Мне кажется, что Достоевский все лично для меня написал, а Толстой – уже не все, и за Наташу Ростову, за старого князя Болконского, если кто-то начнет забирать их у меня, я глаза выцарапаю, как кошка за котенка, но, скажем, ради Анны Карениной я уже не пойду, пожалуй, на такие крайности, а захотите отобрать у меня Нехлюдова – берите, не обижусь.

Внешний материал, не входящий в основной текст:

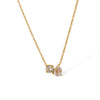 Wholesale Jewelry Simple Joker Style Double Diamond Pendant 316L Stainless Steel Clavicle Chain With Electroplating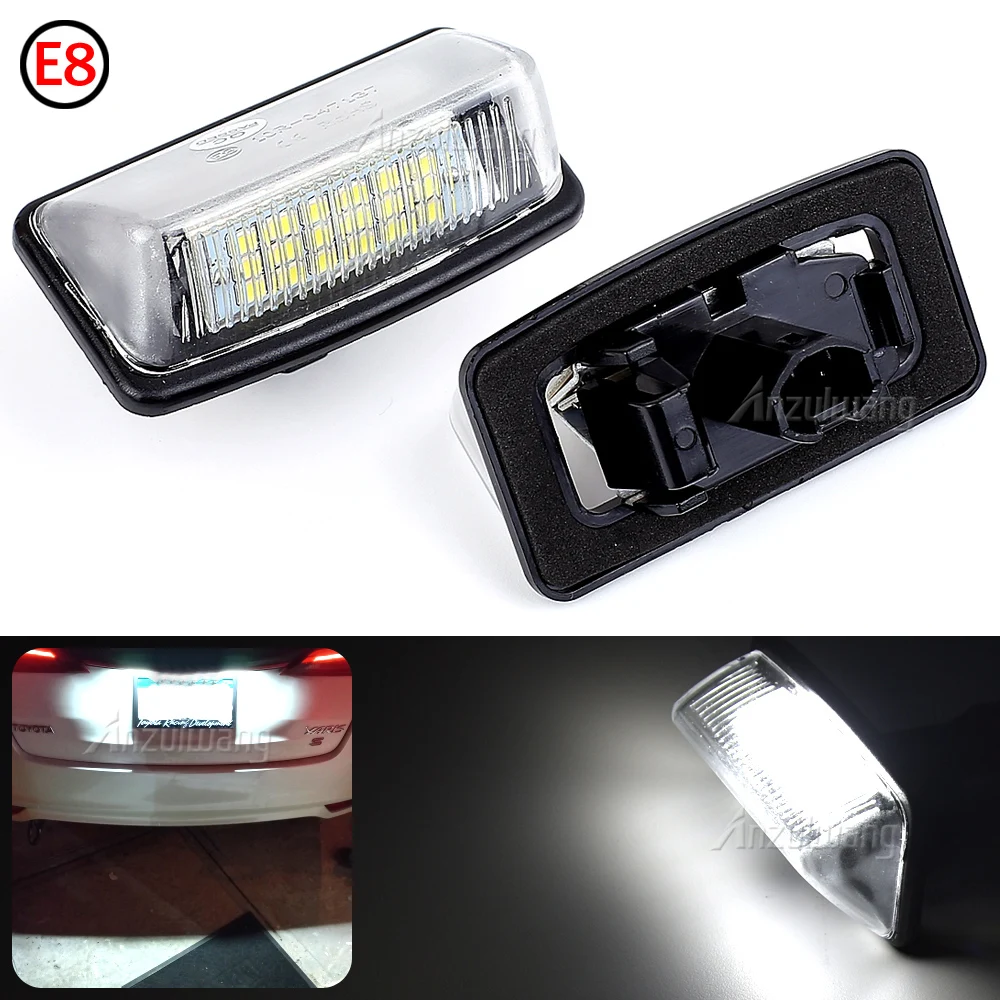 License Number Lamp For Toyota Corolla E11 ZE12 NDE12 Crown S180 Noah Voxy Starlet EP91 Previa ACR50 LED License Plate Light
License Number Lamp For Toyota Corolla E11 ZE12 NDE12 Crown S180 Noah Voxy Starlet EP91 Previa ACR50 LED License Plate Light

Но у Достоевского ни одного персонажа вам не уступлю, даже самых третьестепенных, какого-нибудь боксера Келлера или дурака Фердыщенку; этот самый Фердыщенко мне, поверьте, не менее дорог, чем сам князь Лев Николаевич Мышкин, а может, и дороже и ближе великого и прекрасного идиота. «Бедность, милостивый государь, не порок, но нищета, нищета-с, милостивый государь…» Вот-вот, заберите у меня вечно пьяненького Мармеладова, и я враз обнищаю. Честное слово! Я русским чувствовать себя перестану. И полезут в меня со всех сторон разные фаусты, аладдины и буддийские монахи.

По всей логике вещей художественным моим вожатым должен бы быть Данте: в истории мировой литературы нет более крупного горовосходителя, тончайшего знатока кругов бездны, уступов Горы и сфер Неба; сам взошел, а затем спустился и описал – грандиозный поэт, великий богослов, замечательный для своего времени психолог и ученый.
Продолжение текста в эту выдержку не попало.